» WHAT THIS TASK INVOLVES
Pictures are to be left out, and only the lines below starting at the one with "Miss Jules - BIAB Starter Pakket" and ending at the one with "USAG U13150085 - Assortiment" are to be reproduced, each exactly, both ends included.

» INFORMATION PROVIDED
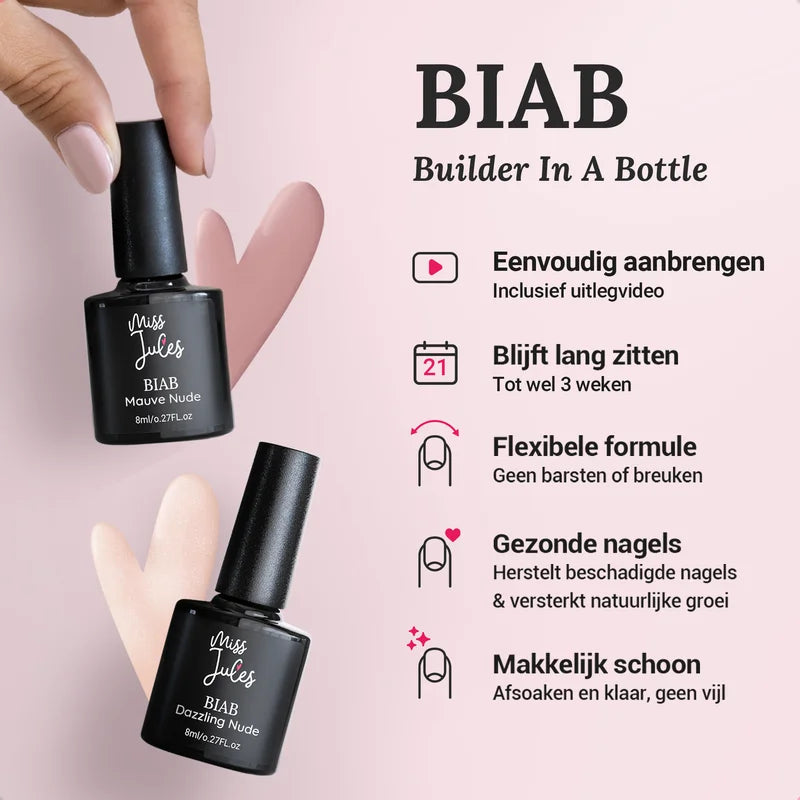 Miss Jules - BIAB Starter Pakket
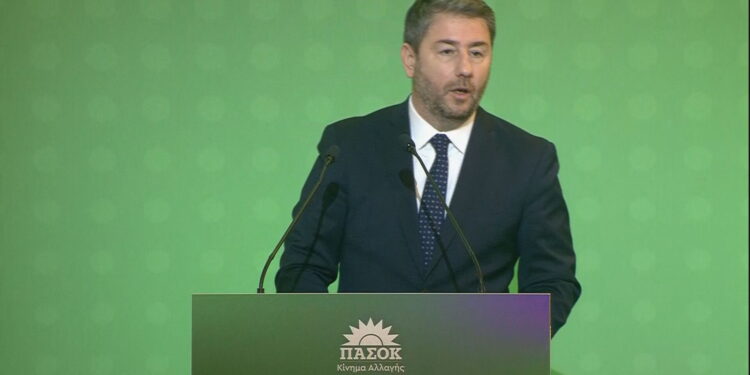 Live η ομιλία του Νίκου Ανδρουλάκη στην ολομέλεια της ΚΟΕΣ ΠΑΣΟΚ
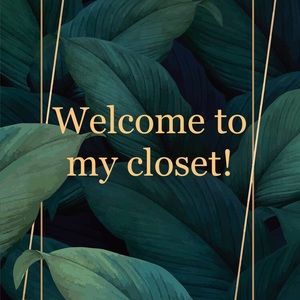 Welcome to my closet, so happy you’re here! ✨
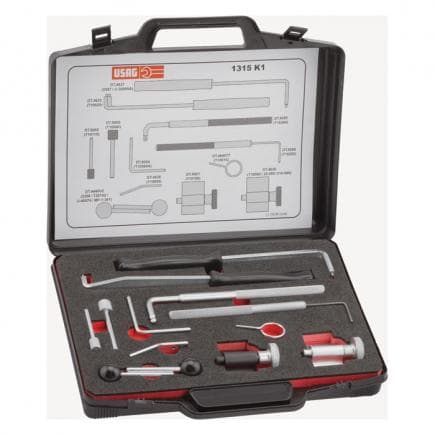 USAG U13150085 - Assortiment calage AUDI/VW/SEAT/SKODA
* * *
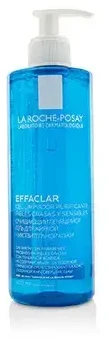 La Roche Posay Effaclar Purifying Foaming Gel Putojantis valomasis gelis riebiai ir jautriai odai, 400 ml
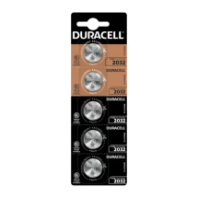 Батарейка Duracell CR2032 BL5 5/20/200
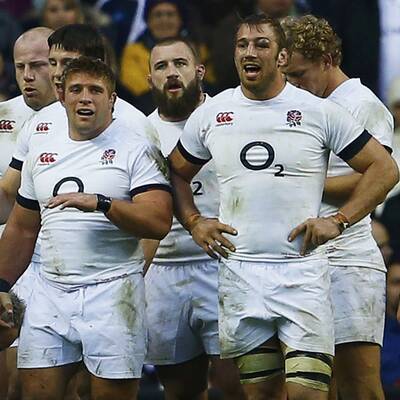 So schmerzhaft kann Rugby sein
---
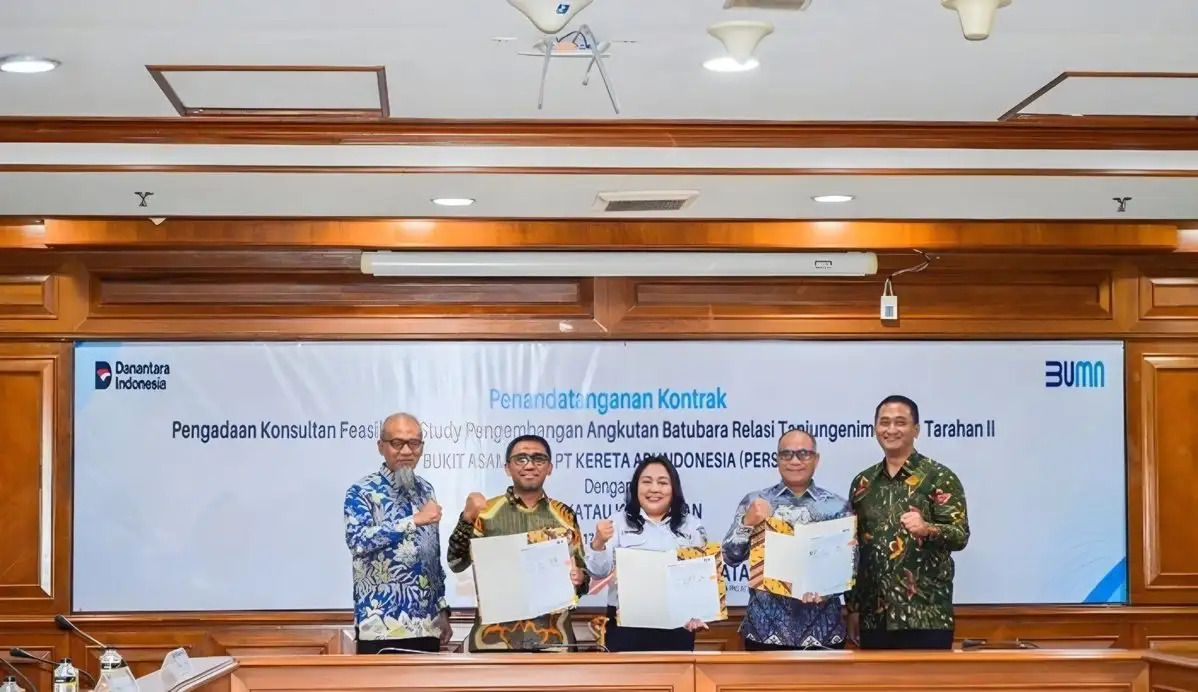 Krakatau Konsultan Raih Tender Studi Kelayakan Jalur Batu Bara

» EXERCISE ANSWER
 Miss Jules - BIAB Starter Pakket
 Live η ομιλία του Νίκου Ανδρουλάκη στην ολομέλεια της ΚΟΕΣ ΠΑΣΟΚ
 Welcome to my closet, so happy you’re here! ✨
 USAG U13150085 - Assortiment calage AUDI/VW/SEAT/SKODA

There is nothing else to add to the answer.